What is needed is a method to optimize the energy capture of an array of wind turbines at a given site, given the site-specific conditions each one will experience.
What is further needed is a method for wind or ocean current turbines which will facilitate an increase or a decrease of rotor blade lengths specific to the site at which the blades are deployed.
What is also needed is a rotor blade structure for wind or ocean current turbines, which is modular and detachable for easy access for servicing and maintenance, and which is lightweight, easily maintainable, and durable.

SUMMARY OF THE DISCLOSURE

According to one embodiment of the present disclosure, a fluid flow power generating method is provided. More particularly, the method comprises mounting a turbine on a structure which is held stationary with reference to a fluid flow. The turbine includes a rotor having a main blade connected to a rotor hub at a proximal end and including a distal end with provisions for attaching a modular extender blade tip to the main blade. An optimum energy capture is determined using site specific conditions including one or more of air density, wind speed, extreme wind, wind shear, noise and turbulence intensity. An extender blade tip is chosen from a number of extender blade tips. The chosen blade tip has a length which is the closest to the optimum energy capture determined in the previous step. The chosen extender blade tip is then attached to the main blade.
In accordance with another embodiment of the present disclosure, a method is provided for selecting a turbine blade for fluid flow power generation.
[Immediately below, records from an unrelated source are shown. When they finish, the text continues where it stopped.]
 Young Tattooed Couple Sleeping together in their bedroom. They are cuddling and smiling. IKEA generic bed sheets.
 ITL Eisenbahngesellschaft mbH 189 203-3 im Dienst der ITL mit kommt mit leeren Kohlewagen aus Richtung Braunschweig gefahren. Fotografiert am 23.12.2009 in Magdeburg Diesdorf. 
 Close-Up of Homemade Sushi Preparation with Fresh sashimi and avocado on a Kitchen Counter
According to this method, a blade base portion is formed, as are a plurality of blade tip portions of varying lengths and/or shapes. An optimum energy capture blade length and shape is determined for a site at which the blade will be employed using site specific conditions, including one or more of air density, wind speed, extreme wind, wind shear, noise and turbulence intensity. A blade tip is then selected from the plurality of blade tips formed, which blade tip when mounted to the blade base portion will most closely approach the determined optimum energy capture blade length and shape. The selected blade tip portion is then secured to the blade base portion.
According to a further embodiment of the present disclosure, a method is provided for selecting a turbine blade for a fluid flow power generation. In accordance with the method, a configuration is determined for a blade base portion. Then, an optimum energy capture blade length and shape is determined for a site at which the blade will be employed. This determination uses site specific conditions, including one or more of air density, wind speed, extreme wind, wind shear, noise and turbulence intensity. A configuration of the blade tip portion is then determined and the blade mold is configured based on the previous steps. A blade is then manufactured in a blade mold which is configured in accordance with the last step.
The present disclosure relates to a fluid flow (wind or water) power generating system, which includes a rotor blade with interchangeable blade tips in order to vary the radius of sweep of the rotor blade to increase or decrease a cross-sectional ea of fluid flow swept by the rotor blade.
To optimize the energy capture of an array of wind turbines at a given site, a method is provided to deploy rotor blades of different lengths to fully utilize the structural design capacity of the machine, given the site-specific conditions it will experience.
The method includes the utilization of modular blade tip extensions added to a baseline blade length to achieve the different rotor diameters necessary to maximize the energy capture from each individual machine, while staying within the allowable structural design envelope. This approach to energy capture optimization takes advantage of site specific conditions of air density, wind speed and turbulence intensity that are typically less than what was defined by the standard wind classification used for the machine design.
In accordance with an aspect of the disclosure, a turbine is mounted on a structure (such as a tall wind tower or a tethered underwater nacelle) that is held stationary in the horizontal axis with reference to the fluid flow. The turbine includes a rotor having a main blade connected to a rotor hub and interchangeable modular blade tips. The blade tips vary in length relative to the main blade to expose more or less of the rotor diameter to fluid flow. A generator is connected to the turbine for generating electrical energy.
In accordance with a further aspect of the disclosure, the modular blade tips are detachable from the main blade for easy access for servicing and maintenance.
In accordance with a further aspect of the disclosure, a calculation methodology is used to establish what increase in rotor diameter is possible on a site specific, or pad specific location within a site, while still staying within the design envelope for the wind turbine machine.
In accordance with a further aspect of the disclosure, a joining method is provided for simple connection to and removal of the modular blade tips from a baseline blade during the manufacturing process or the site setup process.
Significant value is provided by the disclosed process through increased energy capture at a given site. For the owner/operator of a wind turbine, increased energy capture equates to increased revenue and profit.
This disclosure has the advantage that it increases energy capture at a given site by utilizing larger rotor diameters across the site, or at individual locations within a site array.
The modular method of the disclosure results in lower tooling costs, and allows for changing the blade lengths should on-site conditions change after on-site installation of the blades. An alternative approach is to capture more energy through longer blades by manufacturing a new blade design for each incremental increase in length for the given on-site conditions. This results in much higher tooling costs.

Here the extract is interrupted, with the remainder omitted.